PuVAE: A Variational Autoencoder to Purify Adversarial Examples
This addresses the problem of adversarial attacks for deep learning systems, offering a fast and robust defense method, though it appears incremental as it builds on existing purification approaches.
The paper tackles the vulnerability of deep neural networks to adversarial attacks by proposing PuVAE, a variational autoencoder that purifies adversarial examples by projecting them onto class manifolds, achieving competitive performance with state-of-the-art defense methods and being approximately 130 times faster than Defense-GAN in inference time.
Deep neural networks are widely used and exhibit excellent performance in many areas. However, they are vulnerable to adversarial attacks that compromise the network at the inference time by applying elaborately designed perturbation to input data. Although several defense methods have been proposed to address specific attacks, other attack methods can circumvent these defense mechanisms.

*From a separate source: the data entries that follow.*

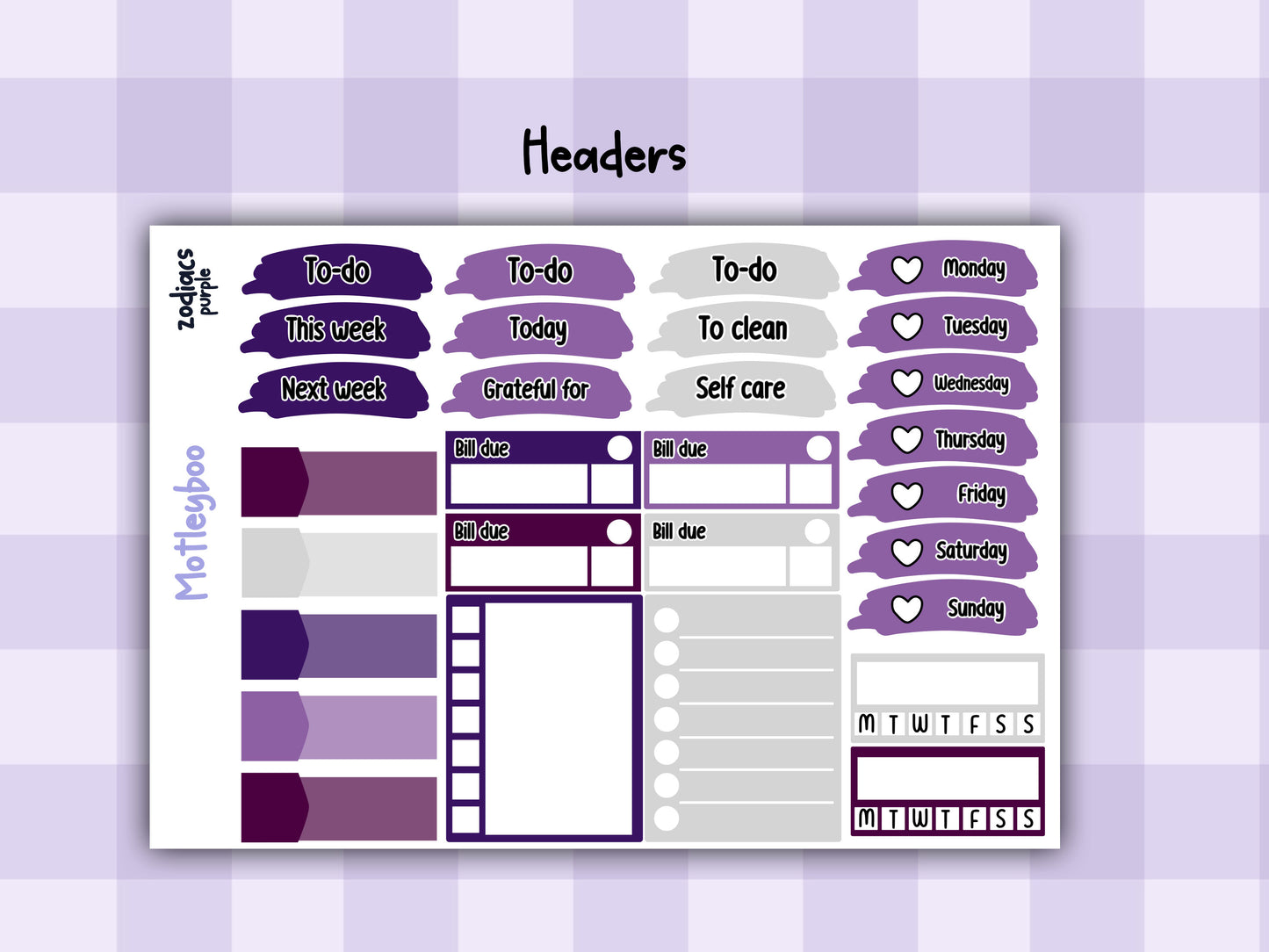 Purple Zodiac Celestial Weekly Planner Sticker Kit for vertical planners, Witchy vibes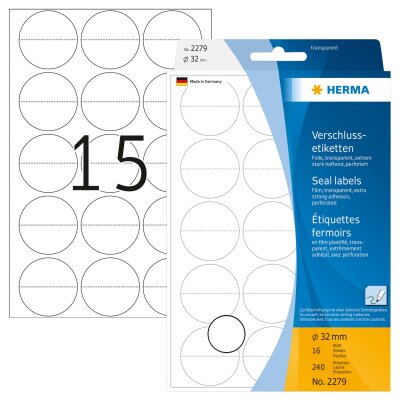 Herma Verschlussetiketten Folie stark haftend Ø 32 mm transparent perforiert 240 Etik. Handbeschriftung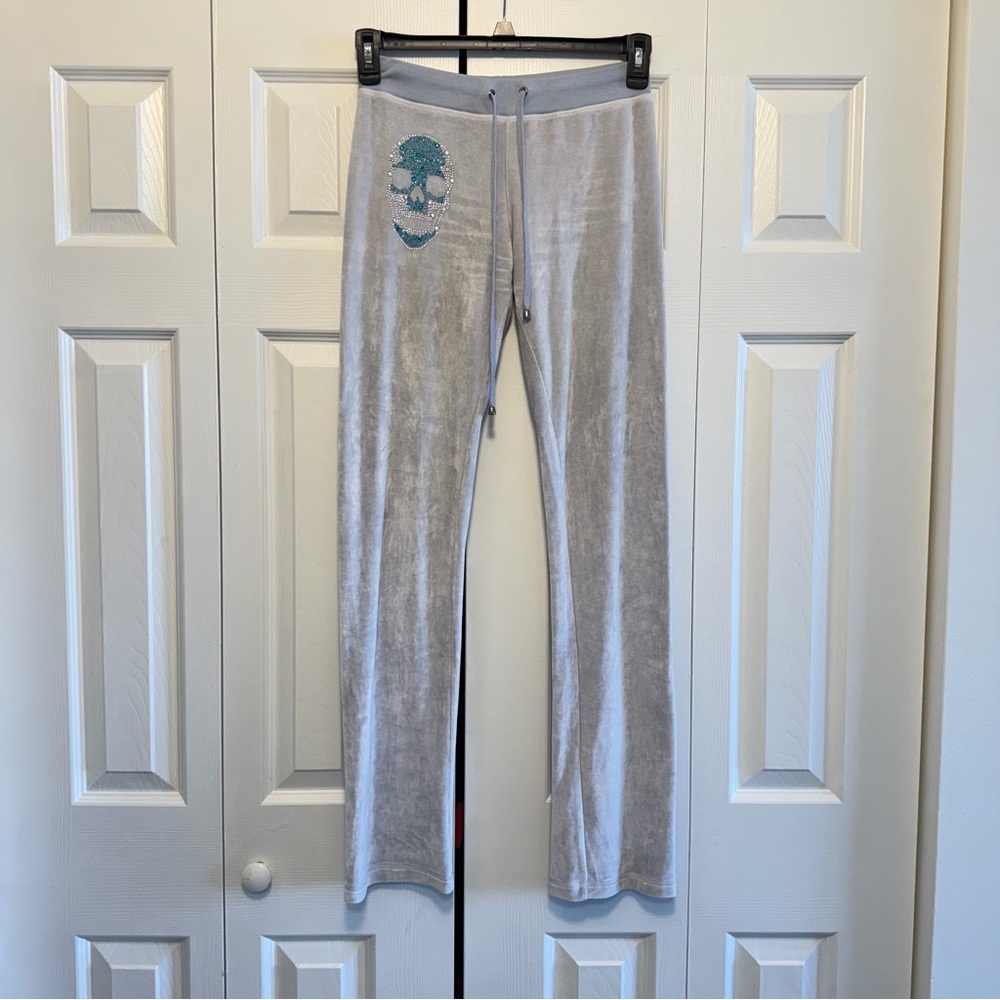 Philipp Plein Gray Velour Pants with Teal Crystal Skull Logo, Size S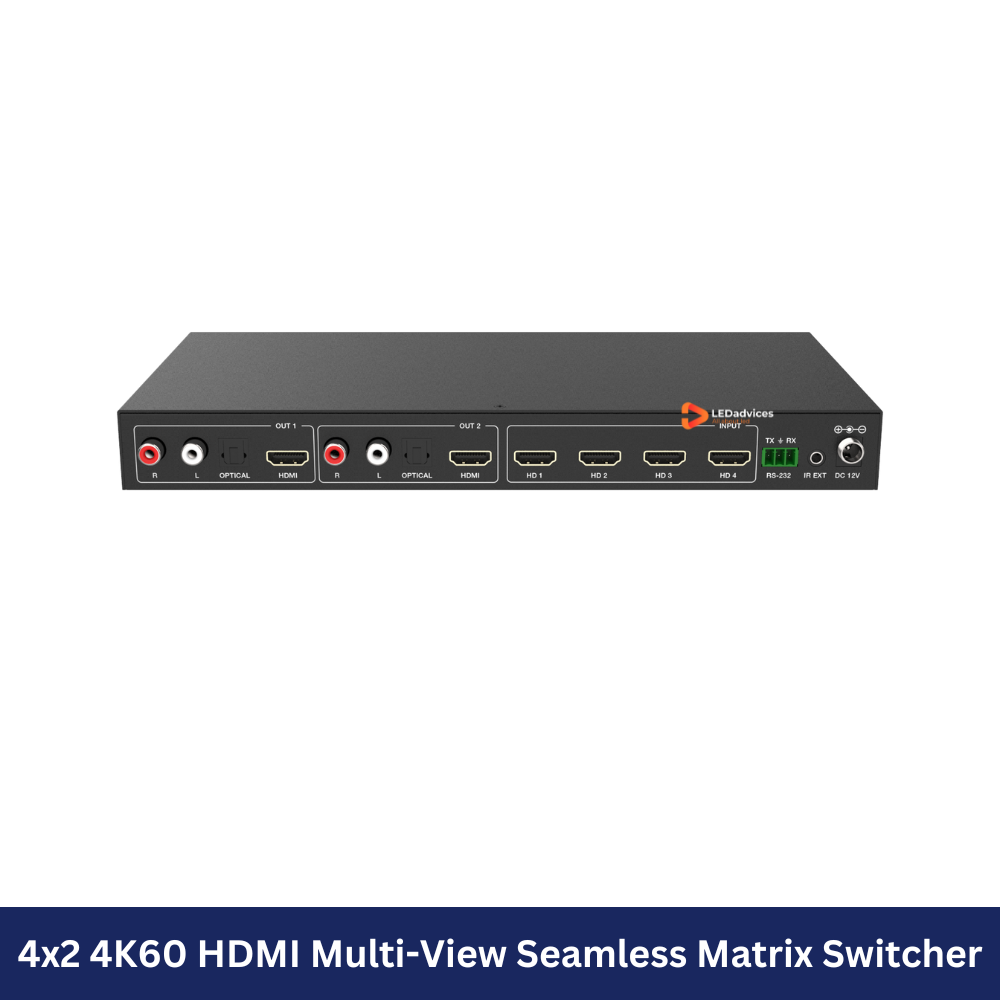 4x2 4K60 HDMI Multi-View Seamless Matrix Switcher  Model: HDC-MXB42MV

Therefore, we propose Purifying Variational Autoencoder (PuVAE), a method to purify adversarial examples. The proposed method eliminates an adversarial perturbation by projecting an adversarial example on the manifold of each class, and determines the closest projection as a purified sample. We experimentally illustrate the robustness of PuVAE against various attack methods without any prior knowledge. In our experiments, the proposed method exhibits performances competitive with state-of-the-art defense methods, and the inference time is approximately 130 times faster than that of Defense-GAN that is the state-of-the art purifier model.